A step supplies water at $22^{\circ} \mathrm{C}$. A man takes 1 liter per minute at $37^{\circ} \mathrm{C}$ from the geyser. the power of geyser is
A.$2100~\text{W}$
B. $1050 \mathrm{~W}$
C. 1575 w
D. $525 \mathrm{~W}$

Answer 1

Hint: Electrical power is the rate per unit of time at which an electrical circuit transmits electrical energy. A watt, one joule per second, is the SI unit of power. Calculate Heat required by water in per second in $\dfrac{\mathrm{d} \mathrm{Q}}{\mathrm{dt}}=250 \mathrm{cal} \mathrm{s}^{-1}$ and then change it to SI unit of the power $\dfrac{\mathrm{dQ}}{\mathrm{dt}}=250 \times 4.2 \mathrm{Js}^{-1}$

Formula used:
$\dfrac{\mathrm{dQ}}{\mathrm{dt}}=\dfrac{\mathrm{dm}}{\mathrm{dt}} \mathrm{C}\left(\mathrm{T}_{2}-\mathrm{T}_{1}\right)$

Complete solution:
Electrical Power, (P) is the rate at which energy is absorbed or generated within a circuit in a circuit.
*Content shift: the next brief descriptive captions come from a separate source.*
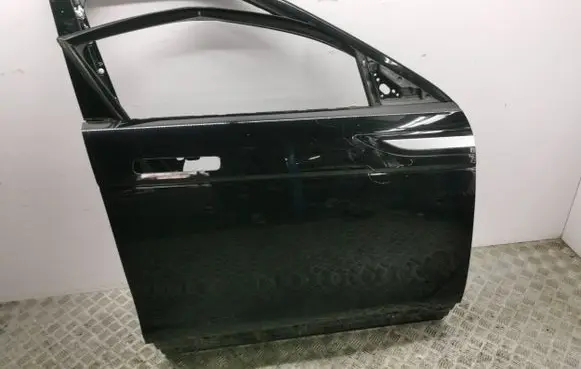 Land Rover Evoque II Front door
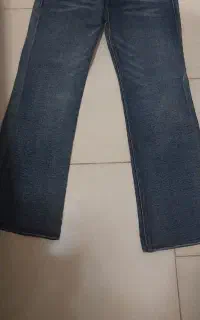 شلوارجین مردانه سایز۳۲ خارجی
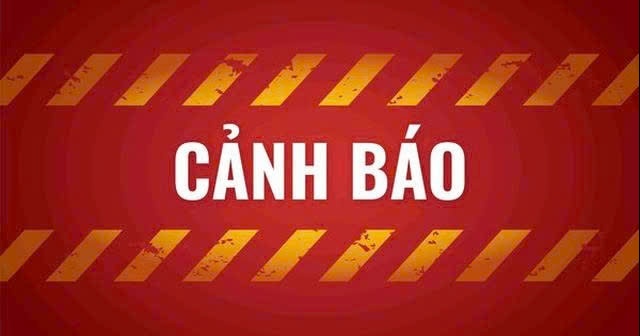 Bộ Tài chính phát cảnh báo tới toàn bộ người dân và doanh nghiệp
While the connected load absorbs it, a source of energy such as a voltage will produce or deliver power. Electrical power is the rate per unit of time at which an electrical circuit transmits electrical energy. A watt, one joule per second, is the SI unit of power. Generally, electricity is generated by electric generators but can also be supplied by sources such as electric batteries.

Given
$\mathrm{T}_{1}=22^{\circ} \mathrm{C} \quad \mathrm{T}_{2}=37^{\circ} \mathrm{C} \quad \mathrm{m}=1$ liter $\text{t}=1~\text{min}$

Heat required by water per second to change its temperature from $22^{\circ} \mathrm{C}$ to $37^{\circ} \mathrm{C}$ $\dfrac{\mathrm{dQ}}{\mathrm{dt}}=\dfrac{\mathrm{dm}}{\mathrm{dt}} \mathrm{C}\left(\mathrm{T}_{2}-\mathrm{T}_{1}\right)$
$\dfrac{\mathrm{dQ}}{\mathrm{dt}}=\dfrac{1000}{60}(1)(37-22)$
$\dfrac{\mathrm{d} \mathrm{Q}}{\mathrm{dt}}=250 \mathrm{cal} \mathrm{s}^{-1}$
$\dfrac{\mathrm{dQ}}{\mathrm{dt}}=250 \times 4.2 \mathrm{Js}^{-1}$
$\dfrac{\mathrm{dQ}}{\mathrm{dt}}=1050 \mathrm{Js}^{-1}$

The power of geyser is $\dfrac{\mathrm{dQ}}{\mathrm{dt}}=1050 \mathrm{Js}^{-1}$. Correct option is (B).

Note:
According to \[P=IV\], a circuit element dissipates or generates power, where I is the current through the element and V is the voltage across it. The instantaneous power \[p\left( t \right)=i\left( t \right)v\left( t \right)\]is also time-dependent, since both the current and the voltage depend on time in an ac circuit. These three kinds of power, true, reactive, and apparent, relate in trigonometric form to each other.